▶ **Instructions for the task**
For the material below, return exactly the lines starting at the one holding "Hotel Garni Seeschlösschen" and ending at the one holding "1136/1138 S Gilbert", counting both as part of the range.

▶ **Extracted entries**

****

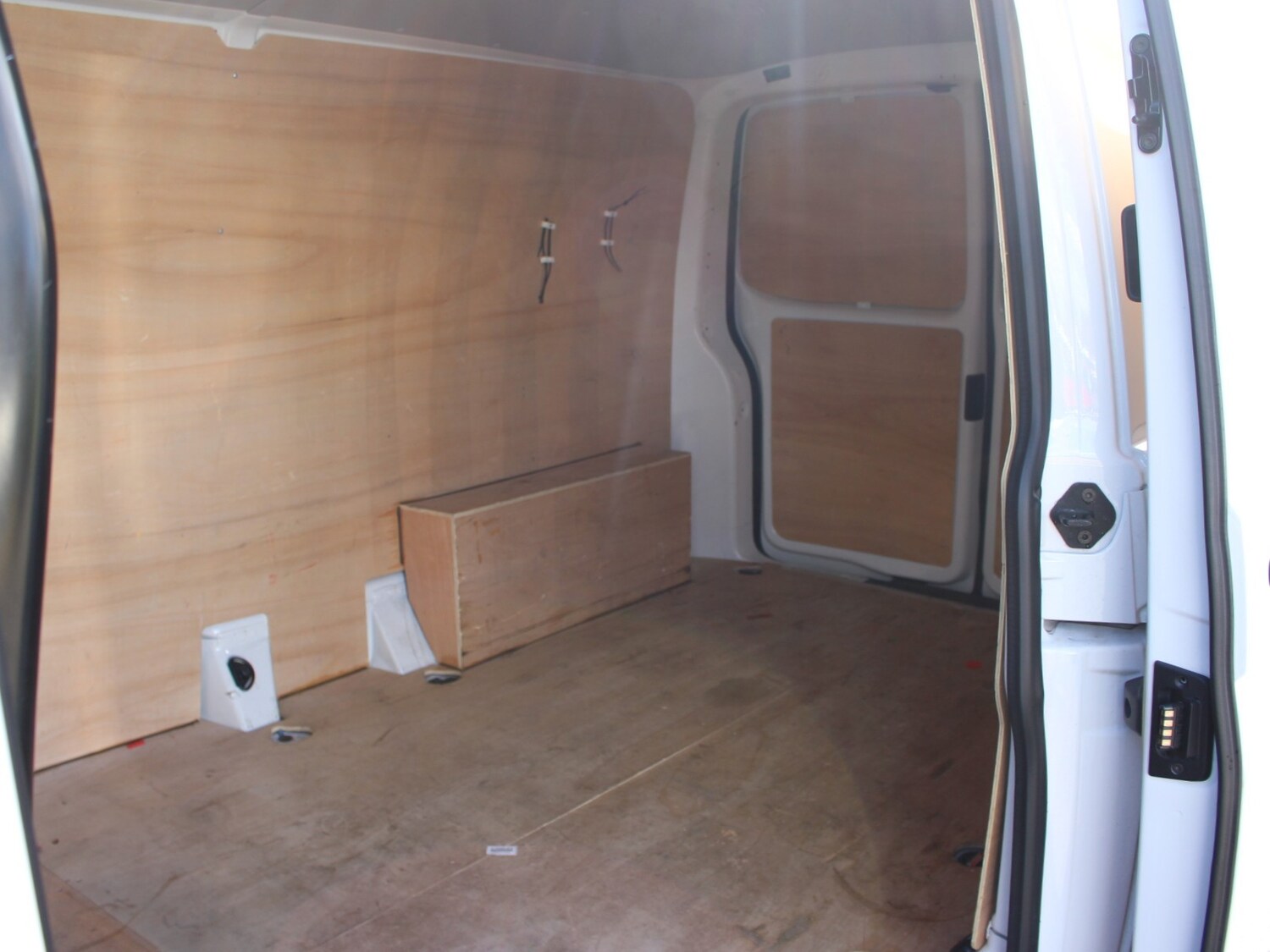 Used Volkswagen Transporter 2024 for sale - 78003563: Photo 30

****

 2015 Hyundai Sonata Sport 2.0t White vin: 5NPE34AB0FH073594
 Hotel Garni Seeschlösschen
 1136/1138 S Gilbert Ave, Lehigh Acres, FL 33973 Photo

****

▶ **Result of this exercise**
 Hotel Garni Seeschlösschen
 1136/1138 S Gilbert Ave, Lehigh Acres, FL 33973 Photo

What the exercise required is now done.